Wednesday, March 04, 2009

Adding To The Beatle Industry?

Want to generate more web links than you could, or should, visit? Just Google "Beatles-Liverpool". You'll be confronted with a daunting surfeit of tacky, predictable, cliched & frankly rather pathetic links, however tenuous, to the Fab Four. I've always been wary of celebrating the fact that the band came from Liverpool. It's history; as one who wants to see new, unsigned acts from the area given the breaks they deserve, it's a source of frustration, sometimes exasperation, to be asked about a band which split up 40 years ago. Don't get me wrong, I'm as much of a Beatle afficianado as the next Scouser, & it's impossible to imagine (so to speak) what much of pop music would have been like without their legacy.
However, that's a key word in this context, legacy.
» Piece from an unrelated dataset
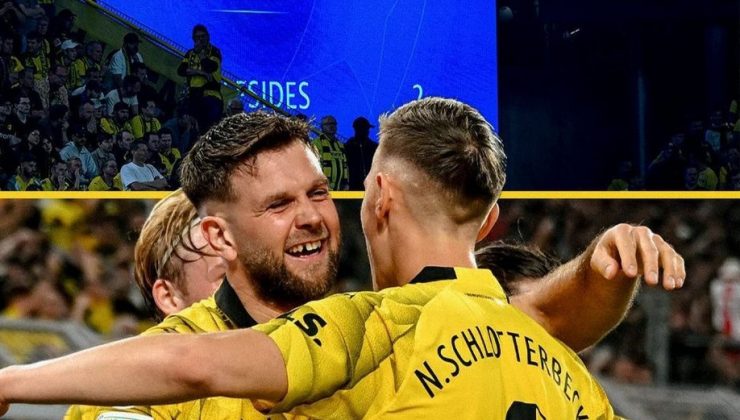 Semifinali, andata, il Borussia Dortmund battere il PSG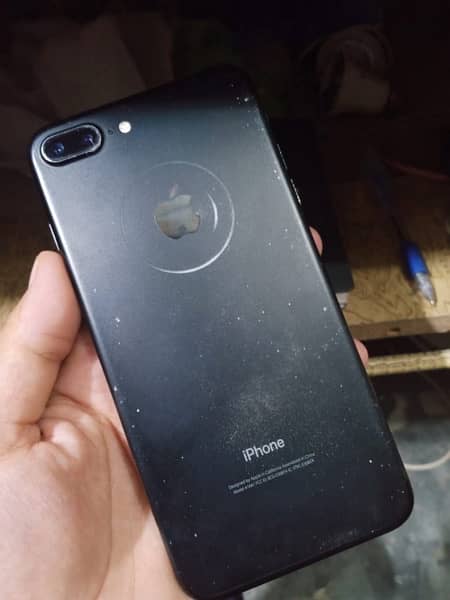 iphone 7 plus 128 GB PTA approved With box 2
It is not of the present, it's part of music's heritage.
Which makes me sceptical of the inherent worth, academic relevance & purpose of a Masters Degree course at Liverpool's Hope University entitled, The Beatles, Popular Music and Society (http://www.guardian.co.uk/education/2009/mar/04/beatles-higher-education-liverpool-university ; http://www.liverpoolecho.co.uk/liverpool-news/local-news/2009/03/03/liverpool-hope-university-launches-beatles-masters-degree-100252-23047805/ & http://news.bbc.co.uk/1/hi/england/merseyside/7921328.stm ).
The Guardian's report notes:
"Among the topics covered on the course, which comprises four 12-week modules and a dissertation, are the postwar music industry, subcultures, and the importance of authenticity and locality........
"As well as investigating different ways of studying popular music, the MA will look at the studio sound and compositions of the Beatles and examine Liverpudlian life from the 1930s to see how events helped to shape the music emerging in the city."
Mike Brocken, a senior lecturer in popular music at Hope University & occasional welcome voice on BBC Radio Merseyside, is defensive in his response when asked in the Guardian piece about the relevance of such a course, given the current job market. He goes a little further down the road of justification in the Echo article, which relates that he "stressed the unique course was anything but 'Mickey Mouse', with serious academic study the order of the day."
I can certainly see the merit in academic study of music from the 60s (not just that produced by the Beatles) & how it shaped or changed attitudes in society. I can also recognise the academic validity of placing the Beatles' music in the context of the different musical genres in the city in the decades leading up to the Merseybeat era. If the course places an emphasis on the latter field of study, it would be of a piece with other valuable aspects of local history. Simply obsessing over the Fab Four's output, on the other hand, serves no real purpose.
Anybody considering the course would do well to bear in mind the likely cost of the MA course: £3,445. Imagine no possessions indeed.

1 comment:

Anonymous said...

Yanks will be amazed at the size of the Beatles-Industrial Complex in the UK.